Mariel and her companions followed the path and entered a dense forest. In this forest, they detected a strange, cloying smell that induced drowsiness. The party fell asleep, and awoke to find themselves trussed to a tree, surrounded by creatures shrouded in barkcloth and weeds. They had been captured by a tribe of weasels called the Flitchaye and their leader Snidjer. Mariel broke them free of their bonds and beat furiously on the oak until help arrived in the form of a massive barn owl, Stonehead McGurney. The aptly named owl used his head as a battering ram, flinging the hapless weasels over the treetops. After introducing Mariel and company to his savage wife Thunderbeak and their four ravenous chicks, Stonehead offered to take them to the next location, the "swampdark", mentioned in the poem the next morning.

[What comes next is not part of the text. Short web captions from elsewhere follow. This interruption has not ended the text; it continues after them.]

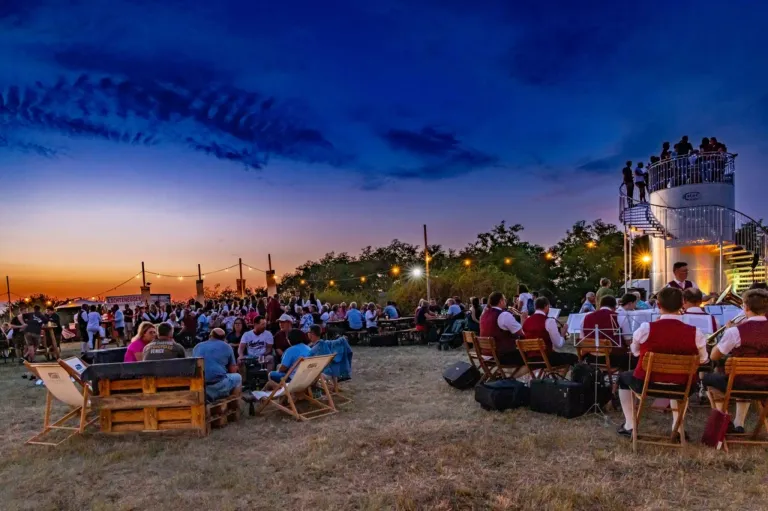 Eine Outdoor-Veranstaltung bei Dämmerung mit vielen Menschen, die auf Stühlen und Tischen sitzen. Eine Band spielt auf einer Bühne, und einige Leute stehen auf dem Balkon. Der Himmel ist blau mit einigen Wolken, und es gibt Bäume und Straßenlaternen in der Umgebung.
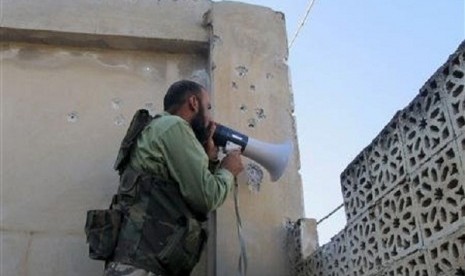 A Free Syrian Army fighter calls on Syrian regime troops to defect in the Khan al-Assal area, near Aleppo April 27, 2013. 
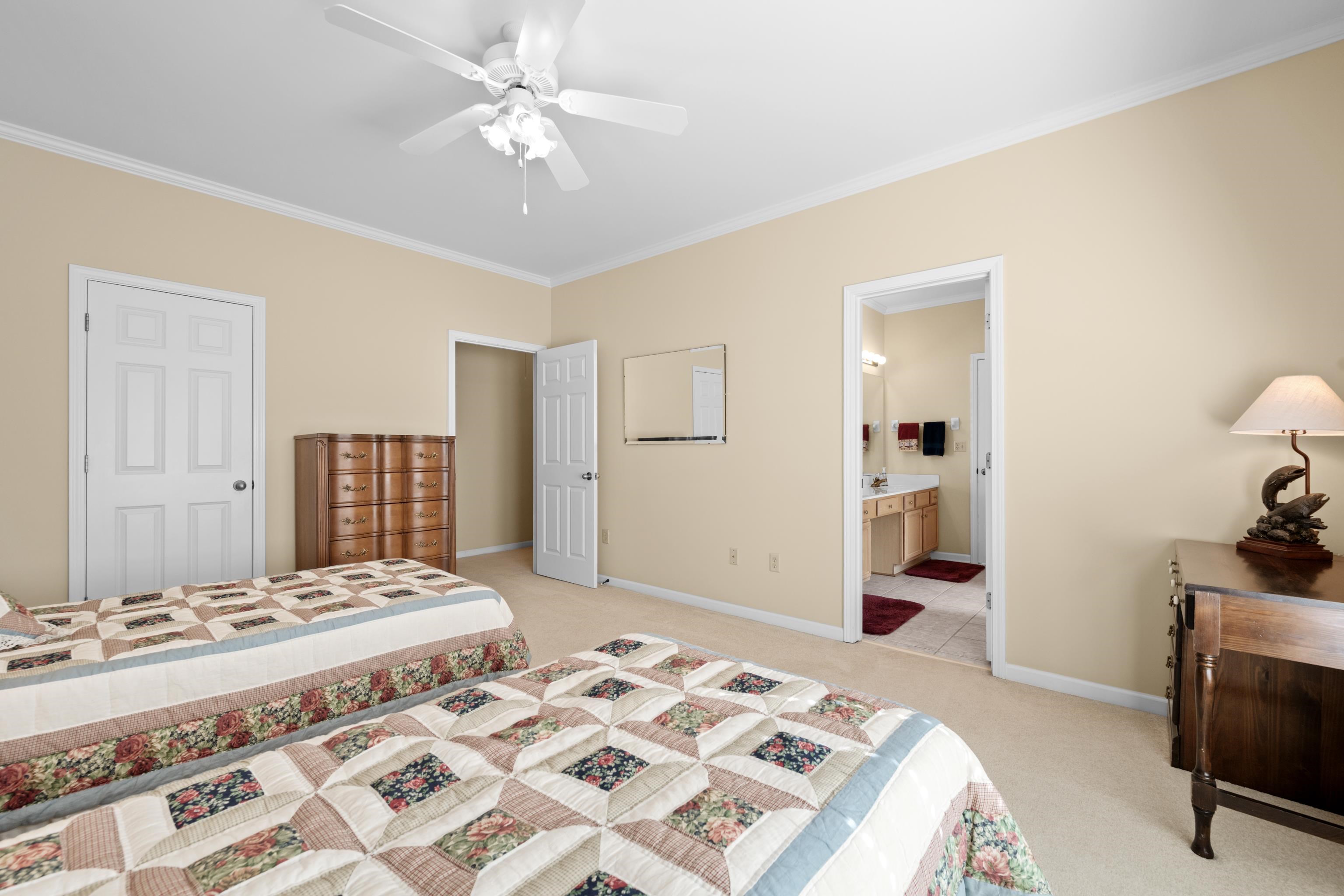 192 North White Station Road Memphis, TN 38117 - Photo 28 of 40 a bedroom with a bed and a television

Down south in Salamandastron, Lord Rawnblade was missing. The Waveblade, under Captain Orgeye, was grounded near Salamandastron and the badger lord came out of his mountain to do battle. Full of the Bloodwrath, Rawnblade slayed the entire corsair crew singlehandedly and set the ship on a course for Terramort.

==== Swampdark and the Sea ====
Near Redwall, the ship's crew returned to Greypatch, who had formulated a fail-proof plan to take Redwall. Greypatch sent Bigfang to burn the gates with a shield of oarslaves. The pirate Kybo went to the east wall with grappling hooks to mount a surprise attack, while Greypatch's company fired a barrage of projectiles as a distraction. At first, his feint attack appeared to be working and Kybo's crew nearly scaled the east wall unnoticed. Unfortunately for the searats, three naughty Dibbuns equipped with knives appeared and gleefully sliced through the searats' ropes. It was a long drop to the forest floor below...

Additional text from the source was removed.